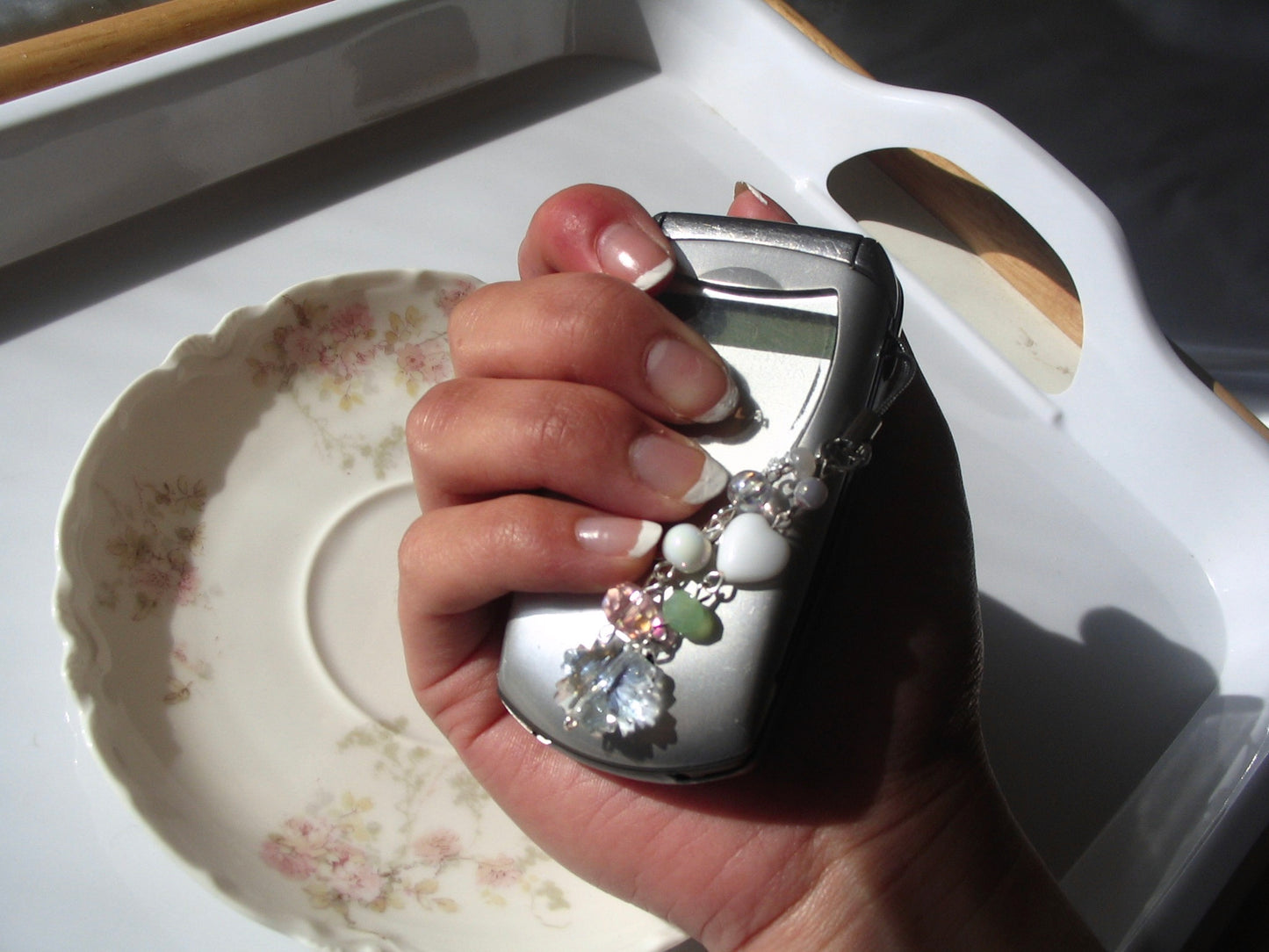 Candied Snowflake Phone Charm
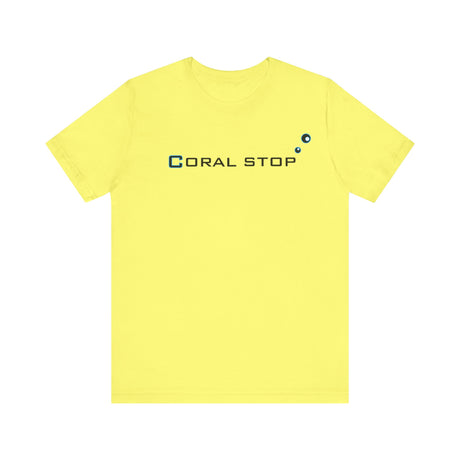 CORAL STOP RETRO LOGO T-SHIRT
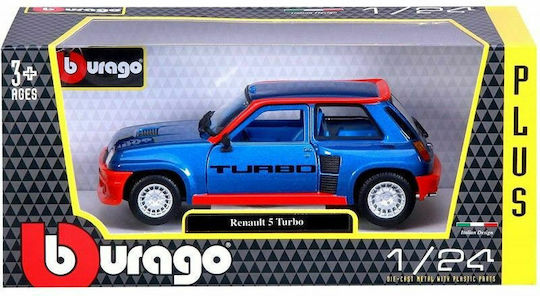 Bburago Renault 5 Turbo Car Scale 1:24 For Ages 3+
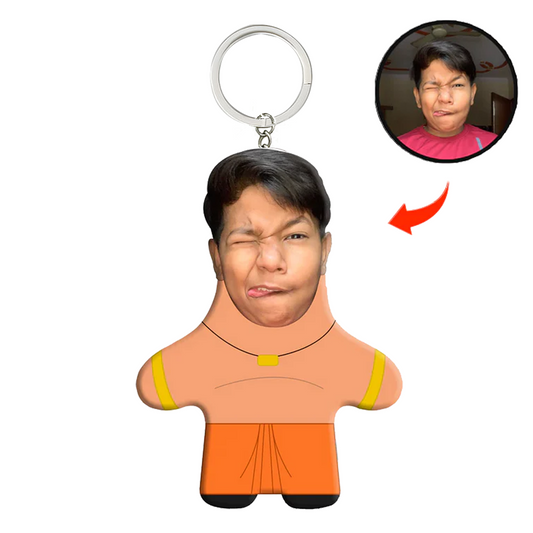 Chhota Bheem Face Mini Me Keychain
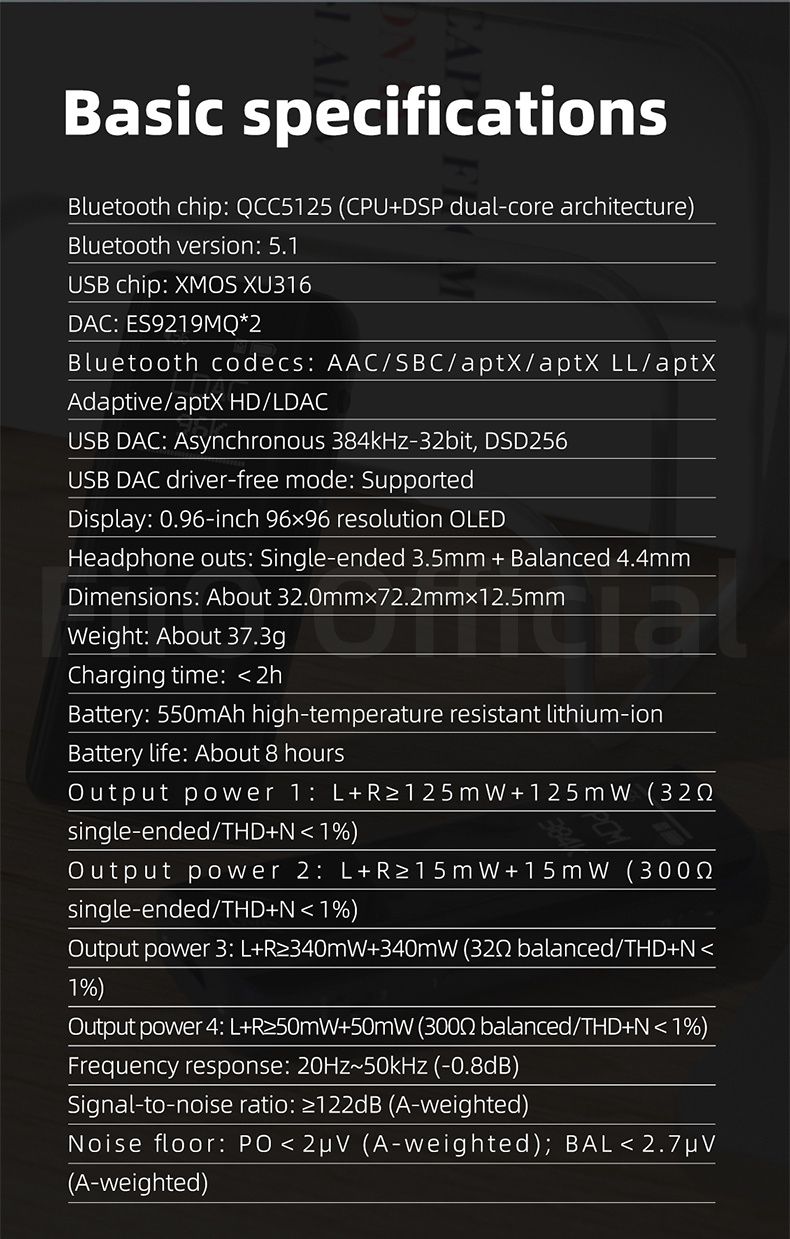 ЦАП із підсилювачем, Bluetooth ресивер FiiO BTR15 Black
******
▶ Your assignment
Print the preceding material over again exactly. Please leave the pictures out.

▶ Finished task
 Candied Snowflake Phone Charm
 CORAL STOP RETRO LOGO T-SHIRT
 Bburago Renault 5 Turbo Car Scale 1:24 For Ages 3+
 Chhota Bheem Face Mini Me Keychain
 ЦАП із підсилювачем, Bluetooth ресивер FiiO BTR15 Black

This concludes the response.